Dr CHALMERS (Rankin) (15:52): Thank you for the opportunity to follow the member for Lyne on this matter of public importance. You would know, Mr Deputy Speaker Scott, having been here a long, long time, that at this time of the parliamentary session, when you get to the end of a session just before the winter recess and when the government has been around for almost two years, you get a lot of election speculation. Around this time, you would recall, there is a lot of speculation about an election. Some of us who have been reading the news wires this afternoon would know that the Prime Minister's office has asked for members of the government to come around and get their photos taken with him to use in election material. I do not think there will be a lot of takers. I do not think that people will be lining up to include the Prime Minister in their material. The Prime Minister will be in my material, the Prime Minister will be in our material, but I cannot imagine that the Prime Minister will be in too many brochures, pamphlets and letterbox photos for those opposite.
Mr Taylor interjecting—
Dr CHALMERS: I do not think the member for Hume is going to have Tony Abbott plastered all over his election material. Well, he is not in the Prime Minister's office getting his photo taken, so we know that he is not real keen on that.

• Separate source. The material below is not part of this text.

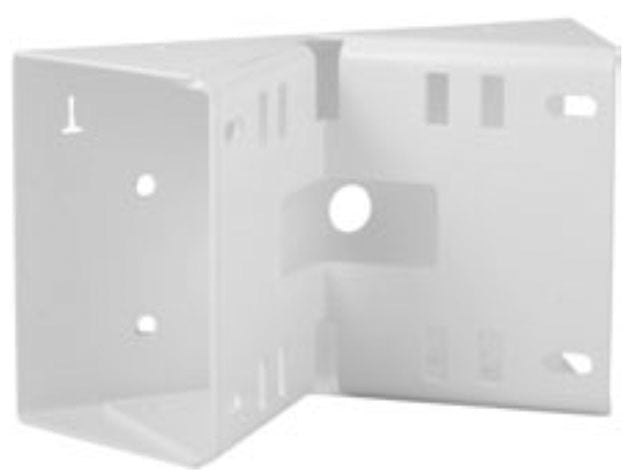 MOBOTIX MX-OPT-WH Mast-/Eckhalter – für D2x, Q2x, ExtIO – Weiss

We do not know when the election will be. Mr Deputy Speaker, not even a person of your immense experience and knowledge knows exactly when the election will be, but we do know one thing: the promises that the Prime Minister makes in the coming election campaign will not be worth the breath he expends on them and will not be worth the paper they are written on. We know that because he has form when it comes to saying one thing to the Australian people before the election and another thing afterwards.
In Australia we like nicknames. It is no coincidence that the Prime Minister has the nickname of phoney Tony. No, it is no accident that his nickname is phoney Tony. People in the Australian community, right around Australia, know that this is a guy who will say anything. He will lie to anyone to get elected in this country. We know that because he has done it already. There are few people in the Australian community he has not done over in the last 21 months, whether it be the manufacturing workers in the electorate of the member for Makin or the pensioners in the electorate of the member for Hotham—all kinds of people from our community on pensions or on fixed incomes—or people who are relying on the low-income superannuation contribution in the electorates of the members for Greenway, Parramatta, Lalor or Fraser. There are very few people this Prime Minister has not done over. His behaviour when it comes to making promises and not keeping them borders on the pathological. That is best evidenced every time the Prime Minister gets up in question time and denies that this sentence is in his own budget papers, revealing $80 billion of cuts to schools and hospitals—not in the Labor Party document but it is in the budget papers of the government. We know that this 2015 budget—with all the awful things that were done back in the 2014 budget—is just the last budget with a dodgy coat of paint.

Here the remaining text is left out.